DETAILS
- Date:
- Location:
- Phone:
- Address:
Strange But True — The Arizona Photographs of Allen Dutton
Allen Dutton’s photographs have been collected by American, European, and Japanese museums and private collectors. He was first published in the 1950s and his unique work has long intrigued the serious collector. Dutton has produced four books of photographs. He is perhaps best known by the average Arizona resident for his book, Arizona Then and Now, published in 2000. It quickly became a best selling regional book which paired historic photographs of Arizona with contemporary images taken from the exact locations of the originals.

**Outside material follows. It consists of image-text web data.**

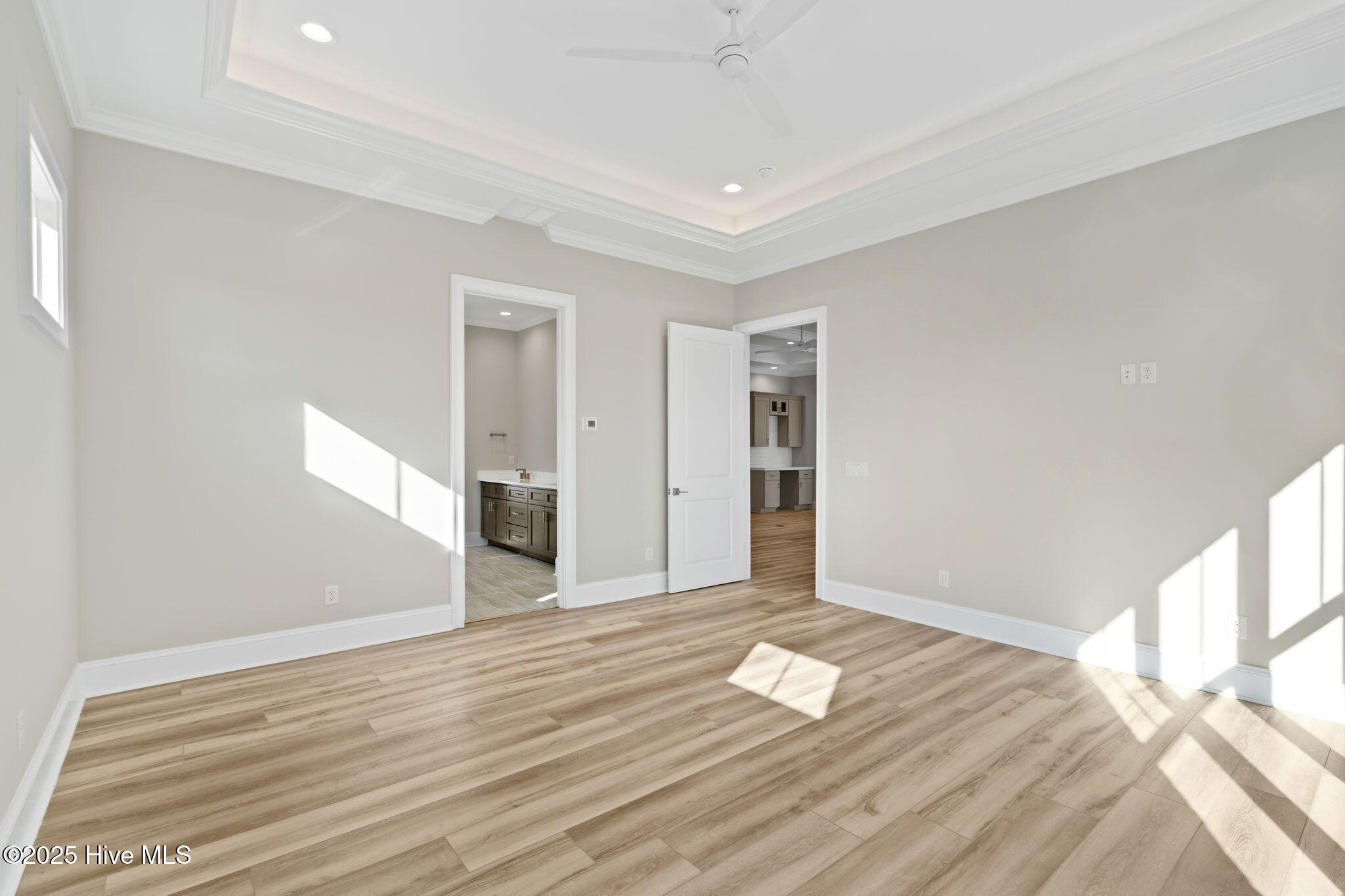 100525114 | Photo 28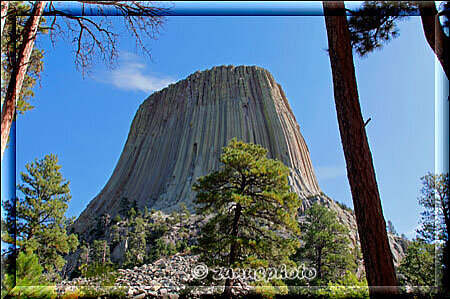 Devils Tower, aus jeder Ansicht finden wir eine andere Form des alten Vulcans
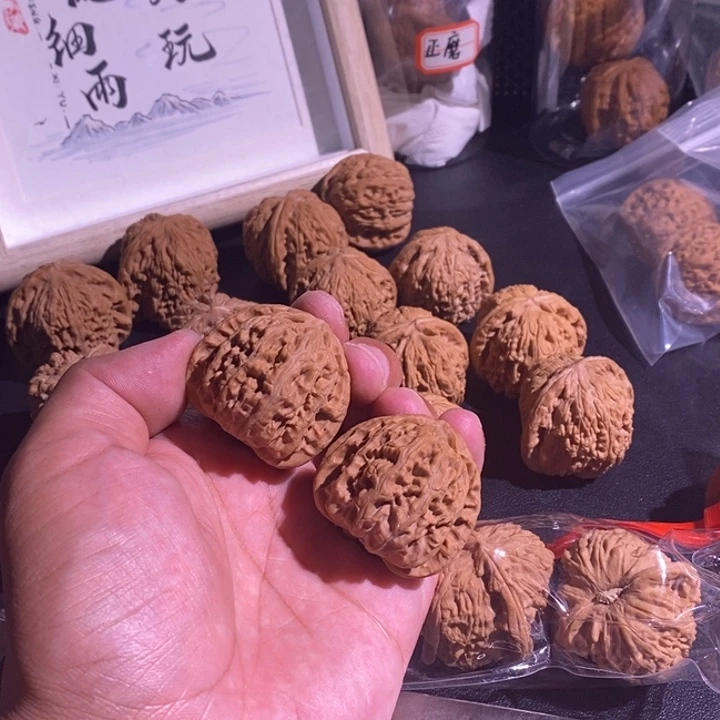 文玩核桃吊坠白狮子
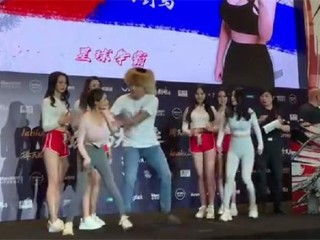 美女主播被扇耳光,美女主播被扇耳光视频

Since the 1970s, Allen Dutton has been using 8×10-inch and 11×14-inch cameras to systematically photograph the state of Arizona, from desert to mountain, from suburb to city. Dutton often pairs historic images of the state with his own pictures. Traveling to the same locations from which early 20th-century photographers had captured their views, he makes new photographs as close as possible in angle, perspective, and orientation. He has also re-photographed his own images, returning to locations and making new pictures over a period of years to demonstrate how the landscape has changed.
Long time Arizona residents will recognize the many images of intersections, Sun City, downtown Phoenix, and historic Arizona locations. Newcomers to Arizona will catch a glimpse of the past and compare their own view of today in contrast to the Now versions of Allen’s images. These images, deliver a look backwards with the message that twenty years in the future we might not recognize today’s familiar views as they are replaced, yet again, by the work and efforts of the next generation.
Allen Dutton’s book, Strange But True, The Arizona Photographs of Allen Dutton, includes much of the work in this exhibition, an Introduction by Paul Roth, Assistant Curator of Photography and Media at the Corcoran Museum, and an Essay by Jane Livingston, Chief Curator at the Corcoran Museum from 1975 to 1990. The images were shown in 2000 at the Corcoran Museum in Washington DC.